Carry over every entry exactly as written, though not the pictures it contains.

Dataset entries
##########
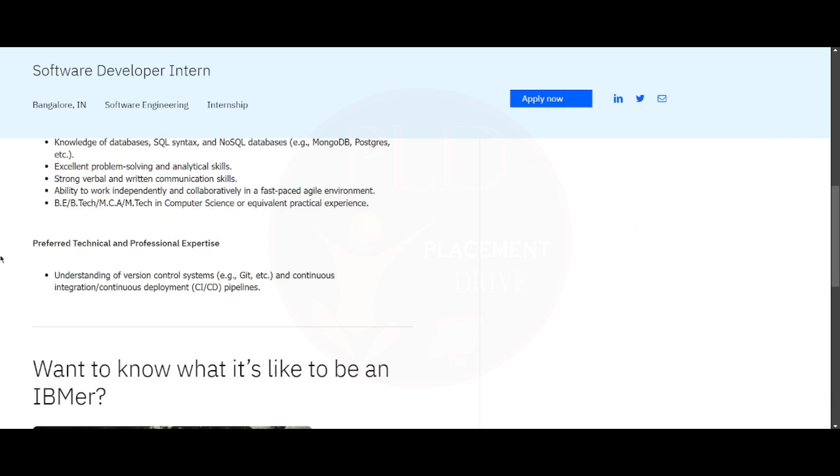Now let's see the preferred technical and professional expertise. You need to have understanding of version control systems such as Git and continuous integration or continuous deployment such as CI/CD pipelines.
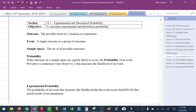In this video we're going to start to talk about experimental and theoretical probability. Our objective is to figure out what experimental probability is and how you calculate it, and then what theoretical probability is and how you calculate it.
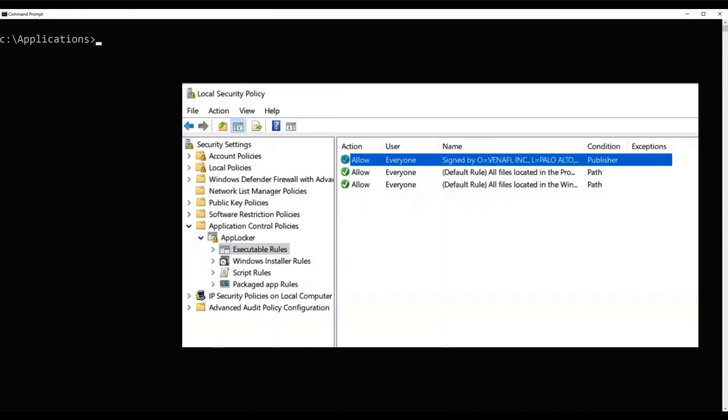A popular policy enforcement engine in Windows is AppLocker. AppLocker rules specify which apps are allowed to run on the device. We've enabled the policy within AppLocker to only allow signed apps to run for trusted publishers.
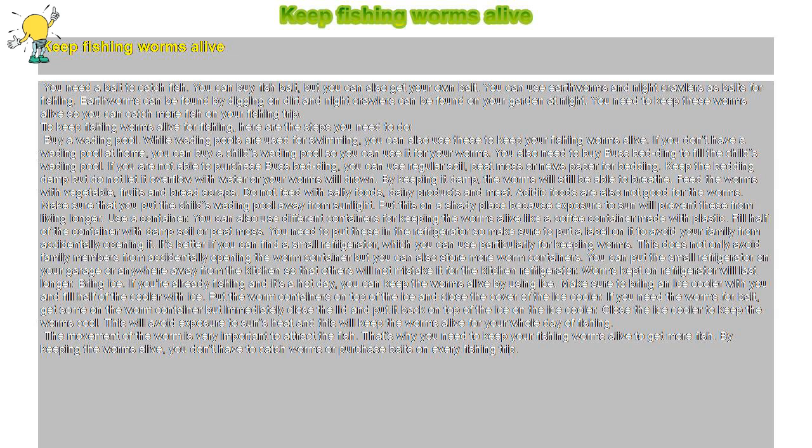If you are not able to purchase bedding, you can use regular soil, peat moss, or newspaper for bedding. Keep the bedding damp, but do not let it overflow with water or your worms will drown. By keeping it damp, the worms will still be able to breathe.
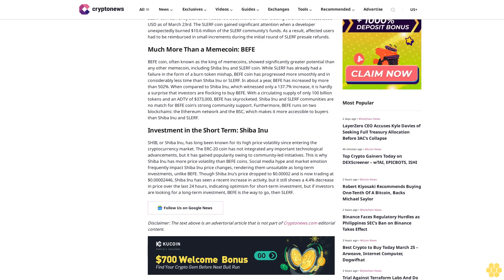Much more than a memecoin: Buffett. Buffett coin, often known as the king of memecoins, showed significantly greater potential than any other memecoin, including Shiba Inu and Slurf coin. While Slurf has already had a failure in the form of a burn token mishap, Buffett coin has progressed more smoothly and in considerably less time than Shiba Inu or Slurf.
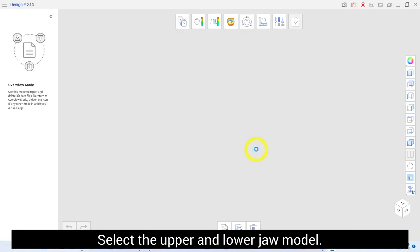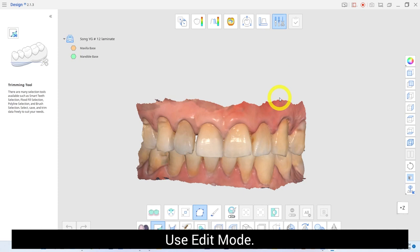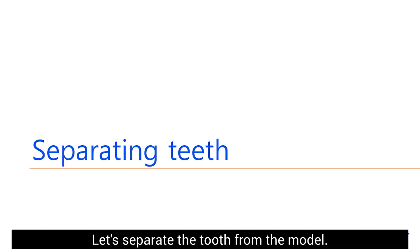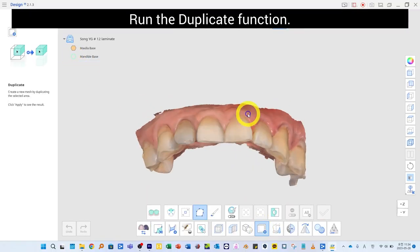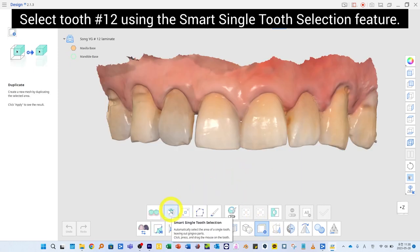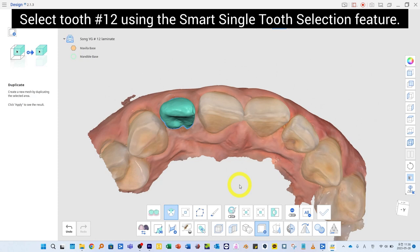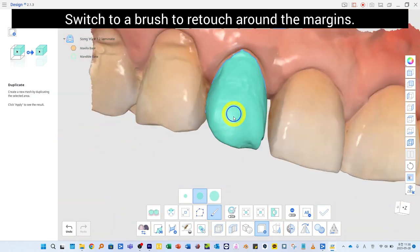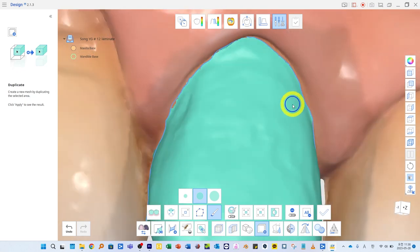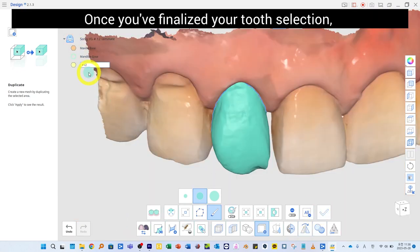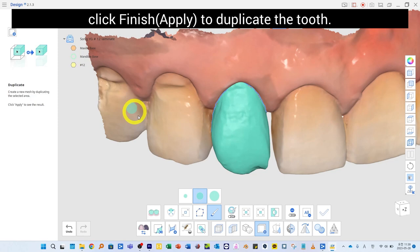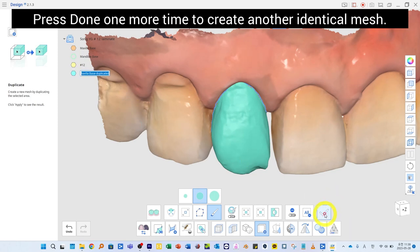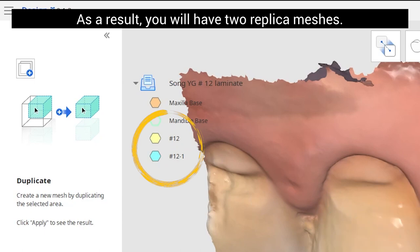Select the upper and lower jaw model. Use Edit mode to separate the tooth from the model. Run the Duplicate function and select tooth number 12 using the Smart Single Tooth Selection feature. Switch to a brush to refine around the margin. Once you've finalized your tooth selection, click Finish to duplicate the tooth. Press Done one more time to create another identical mesh. As a result, you will have two replica meshes.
##########
■ Answer below ■
Now let's see the preferred technical and professional expertise. You need to have understanding of version control systems such as Git and continuous integration or continuous deployment such as CI/CD pipelines.
In this video we're going to start to talk about experimental and theoretical probability. Our objective is to figure out what experimental probability is and how you calculate it, and then what theoretical probability is and how you calculate it.
A popular policy enforcement engine in Windows is AppLocker. AppLocker rules specify which apps are allowed to run on the device. We've enabled the policy within AppLocker to only allow signed apps to run for trusted publishers.
If you are not able to purchase bedding, you can use regular soil, peat moss, or newspaper for bedding. Keep the bedding damp, but do not let it overflow with water or your worms will drown. By keeping it damp, the worms will still be able to breathe.
Much more than a memecoin: Buffett. Buffett coin, often known as the king of memecoins, showed significantly greater potential than any other memecoin, including Shiba Inu and Slurf coin. While Slurf has already had a failure in the form of a burn token mishap, Buffett coin has progressed more smoothly and in considerably less time than Shiba Inu or Slurf.
Select the upper and lower jaw model. Use Edit mode to separate the tooth from the model. Run the Duplicate function and select tooth number 12 using the Smart Single Tooth Selection feature. Switch to a brush to refine around the margin. Once you've finalized your tooth selection, click Finish to duplicate the tooth. Press Done one more time to create another identical mesh. As a result, you will have two replica meshes.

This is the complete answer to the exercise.